**Task details**
Take the lines of the data below from the very first through the line containing "Monsoon Health Tips: बारिश" and output them exactly, pictures excluded.
+++
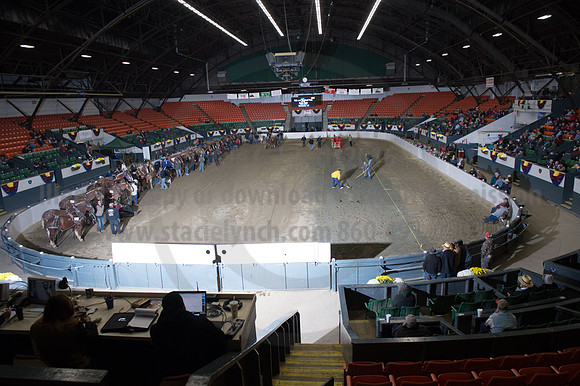 NABC8_10142016_SCL_9341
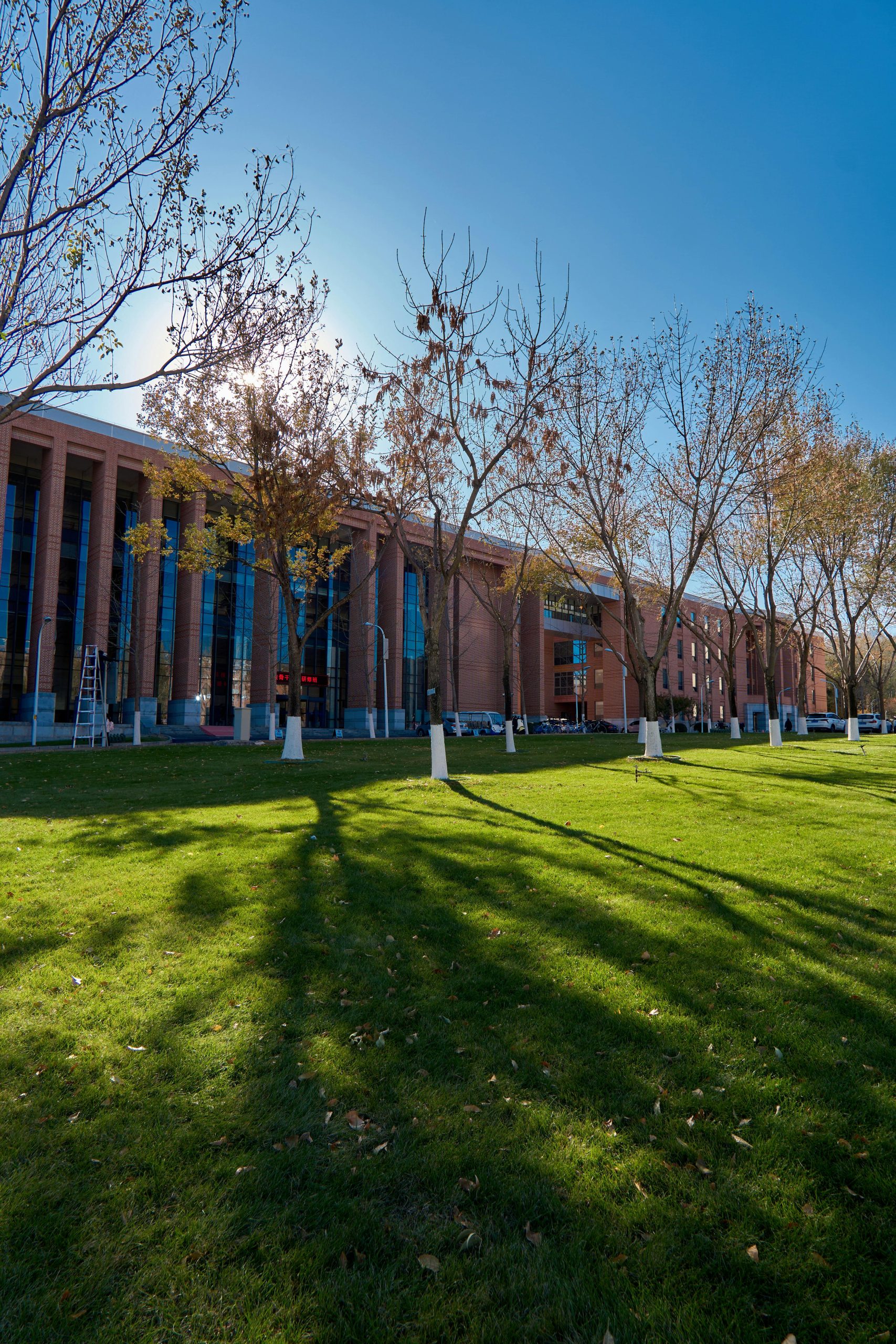 pexels-cobb-gk-773896246-19193975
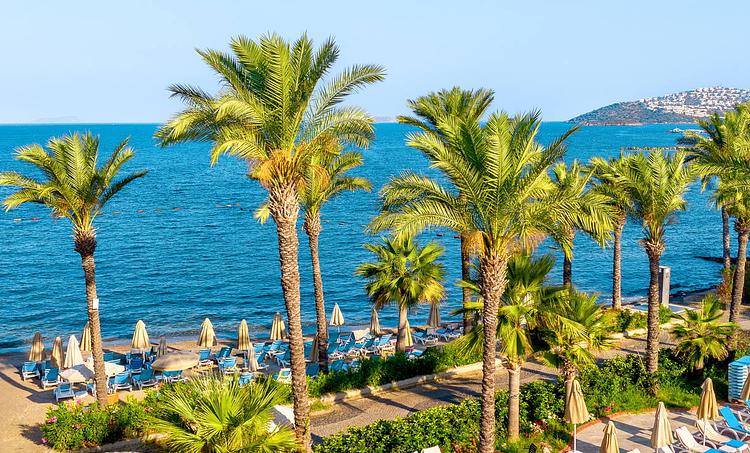 Arin Resort-obr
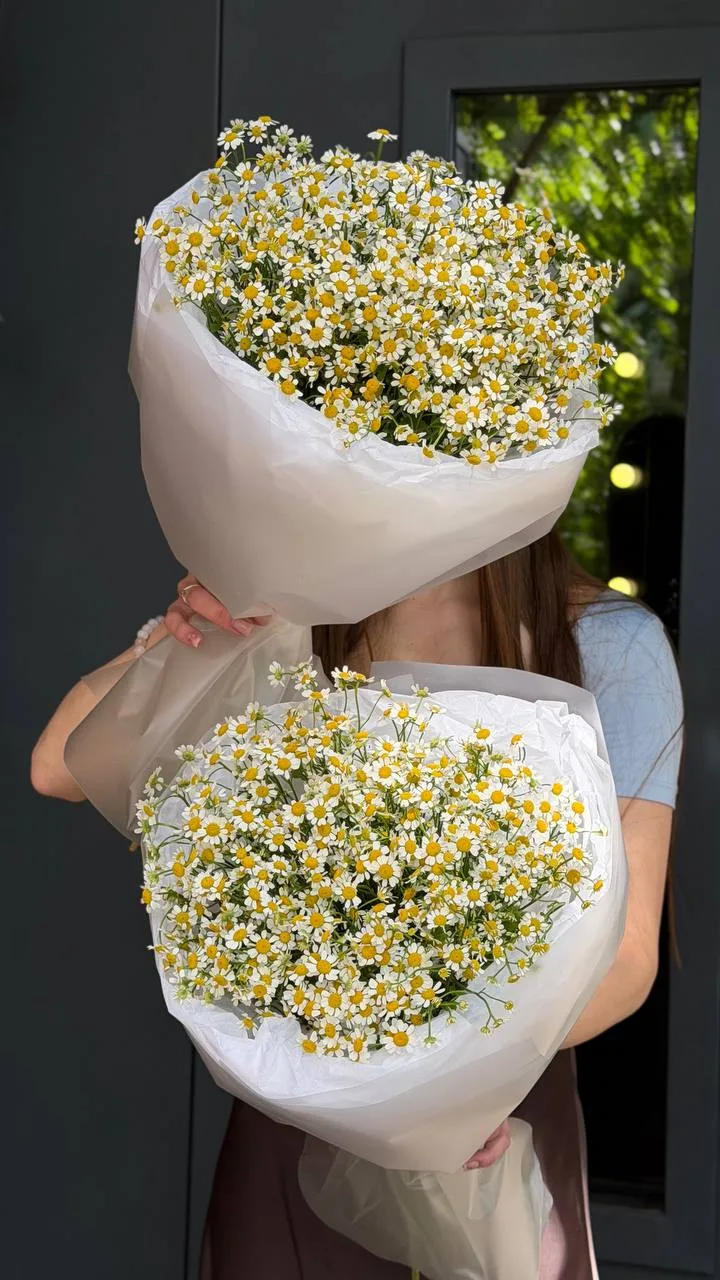 Моно из 15 кустовых ромашек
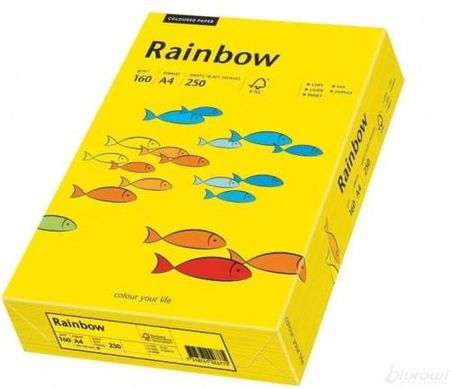 Rainbow Papier Xero Kolorowy A4 160G. Ciemnożółty 88042395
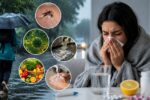 Monsoon Health Tips: बारिश के मौसम में सबसे ज्यादा फैलती हैं ये बीमारियां, इन 5 बातों का रखें ध्यान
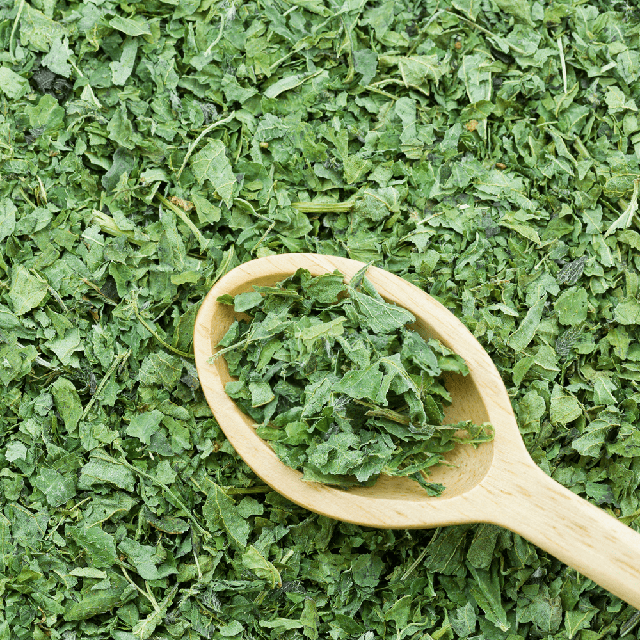 Stinging Nettle Herb Organic - Soap supplies,Soap supplies Canada,Soap supplies Calgary, Soap making kit, Soap making kit Canada, Soap making kit Calgary, Do it yourself soap kit, Do it yourself soap kit Canada,  Do it yourself soap kit Calgary- Soap and More the Learning Centre Inc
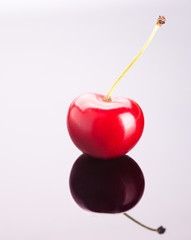 single cherry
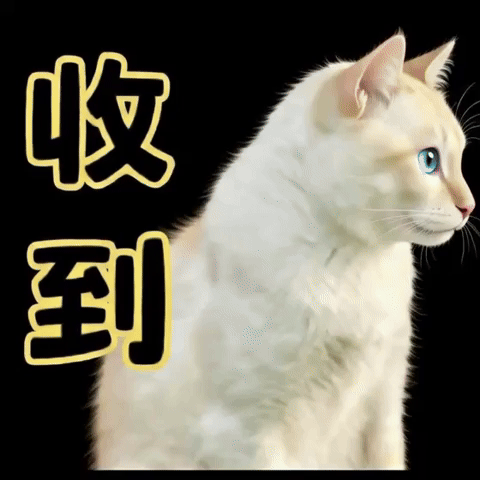 Cat GIF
+++
**Written reply**
 NABC8_10142016_SCL_9341
 pexels-cobb-gk-773896246-19193975
 Arin Resort-obr
 Моно из 15 кустовых ромашек
 Rainbow Papier Xero Kolorowy A4 160G. Ciemnożółty 88042395
 Monsoon Health Tips: बारिश के मौसम में सबसे ज्यादा फैलती हैं ये बीमारियां, इन 5 बातों का रखें ध्यान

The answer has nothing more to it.